Clusters headaches are amongst the most severe kind of pain known to mankind. These headaches are called cluster headaches because they tend to cluster in cyclical patterns during certain times of the year in the absence of attacks for months or sometimes-even years.
The pain
Tends to recur in cycles at the same time throughout the year
Lasts from 2 weeks to 3 months
Is severe, very severe or unbearable
Described as being cut with a knife, burning, perforating, carving, pushing or pulling the orbits
The pain starts abruptly, lasts from 15 min to 3 hours, and then quickly resolves; it can be seen several times a day or several times a week during cluster times.
Pain is felt unilaterally in the eye area and temples, and may be reflected in the gums, cheeks, forehead and neck.
The headache may cause redness and tearing of the eyes, nasal congestion, stuffiness, nasal discharge, sweating of the forehead and face, constriction of the pupils and/or edema/drooping of the eyelids.
Unlike migraine, where the migraine sufferers want to remain immobile in a cool and dark place; the cluster headache patients cannot stay still and constantly move; some patients even hit their heads on the wall, while others punch themselves.
We still do not know the exact reason causing these headaches.
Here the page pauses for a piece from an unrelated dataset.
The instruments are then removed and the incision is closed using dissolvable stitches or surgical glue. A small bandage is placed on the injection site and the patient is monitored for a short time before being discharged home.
Pain is seen at certain times of the year because of the influence of the hypothalamus gland, which regulates the biorhythm of the body; the internal clock. Trigeminal nerve involvement (which provides sensation of the face) also contributes to the pain. Another factor that has a role in pain formation is the mast cell inflammation and histamine discharge around the trigeminal nerve.
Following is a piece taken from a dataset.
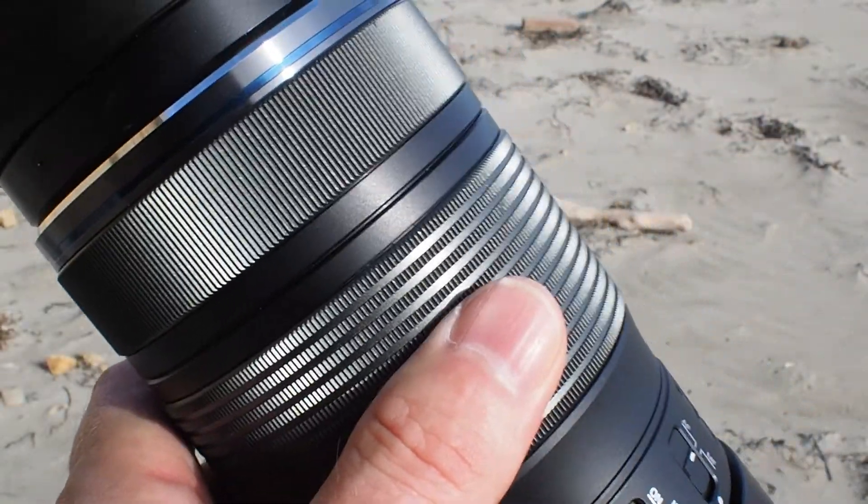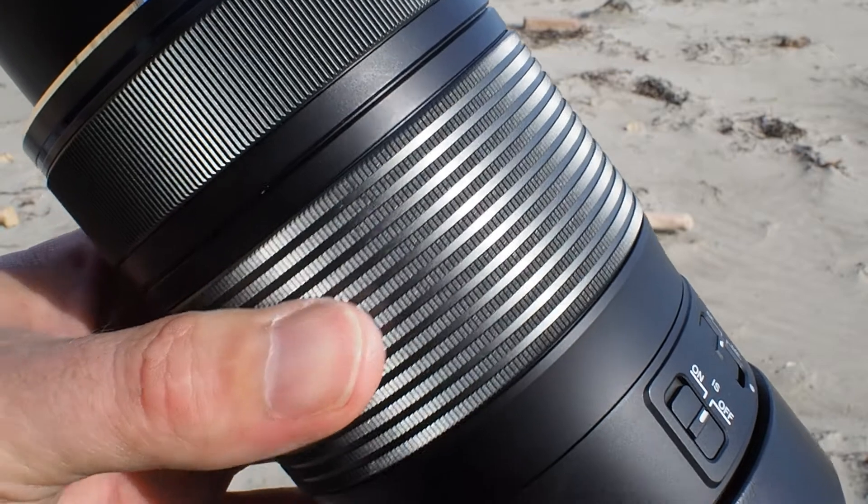The zoom ring has some of the most aggressive texturing I've seen on a camera lens. It's metal, it's machined, it's sharp — so even if it's wet, even if your hands are cold, even if you're slippery or covered in mud, you're still going to be able to get a good grip and zoom in and out. It also has a really nice manual focus ring, so you can put the camera in manual focus and it works really, really well. Since this camera doesn't do slow motion with autofocus, you need good manual focus to track moving subjects. The manual focus feels really intuitive even though it is fly-by-wire with no mechanical gearing — it's all electronically sending information to the lens, but it works really well.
While the pain of most patients is classically clustered over a period of time during the year, a small group of patients (10%) have constant pain without clusters (called chronic cluster headache).
Cluster headaches tend to run in families. Being a 30-50 years old male, smoking, growing up around second hand cigarette smoke and a head trauma history are factors that increase the likelihood of pain.
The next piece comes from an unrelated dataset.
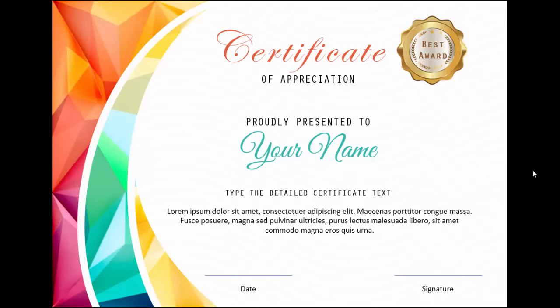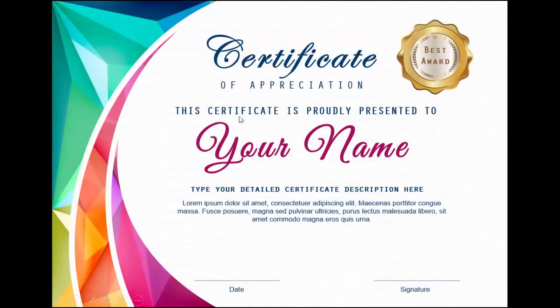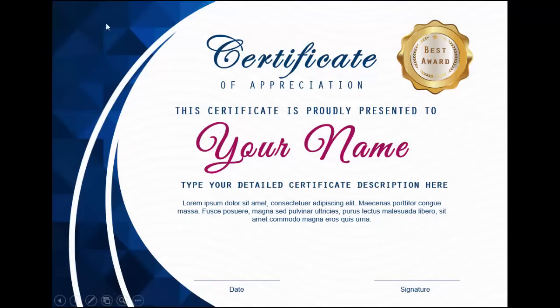Welcome to my YouTube channel PowerPoint University. In this tutorial, I am going to show you how to create a certificate in PowerPoint. This is how the certificate looks like — you've got a variety of fonts, a gold badge, and some very colorful design on the left side. Similarly, there's another certificate with different colors and fonts, and this is the third one. So let's see how to create this slide.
External factors that increase pain
• Stress
• Allergies
• Seasonal transitions
• Smoking
• Alcohol use
• Use of nitroglycerin (cardiovascular medicine)
• Very hot weather
• Very cold weather
• Exposure to bright lights
• High altitude
• Airplane travel
• Barometric changes in the air
Diagnosis
After the neurological examination; detailed blood tests, brain imaging, internal medicine, ophthalmologic and allergic consultations may be required to eliminate secondary causes.
Differential diagnosis includes:
- High blood pressure
- Allergic reactions
- Cerebral vascular problems
- Migraine
- Acute glaucoma crisis
- Vertebral/carotid artery dissection
- Trigeminal neuralgia
Treatment
Treatment with 8 to 12 liters per minute of oxygen via a nasal/facial mask for 10 to 20 minutes will completely alleviate the pain. Painkillers and triptans can be used as an add-on to oxygen. Patients who have very frequent or severe attacks should use preventive medication. Calcium channel blockers, lithium (mood stabilizing medication), antiepileptics and short-term cortisone treatment may be used as preventive treatment. Melatonin supplementation in patients with sleep problems also leads to a reduction in cluster headaches.
Consult your neurologist. While taking your prescription medications be sure to:
- Eat/drink in a way that does not increase your allergies
- Learn how to cope with stress
- Exercise daily (mild to moderate exercise)
- Stop smoking
- Reduce alcohol intake
- Do not use alcohol during attacks
- Go gluten and cows milk dairy free
- Pay attention to sleep hygiene
- The use of narcotic pain killer medication may cause chronification of cluster headaches; try not to use them.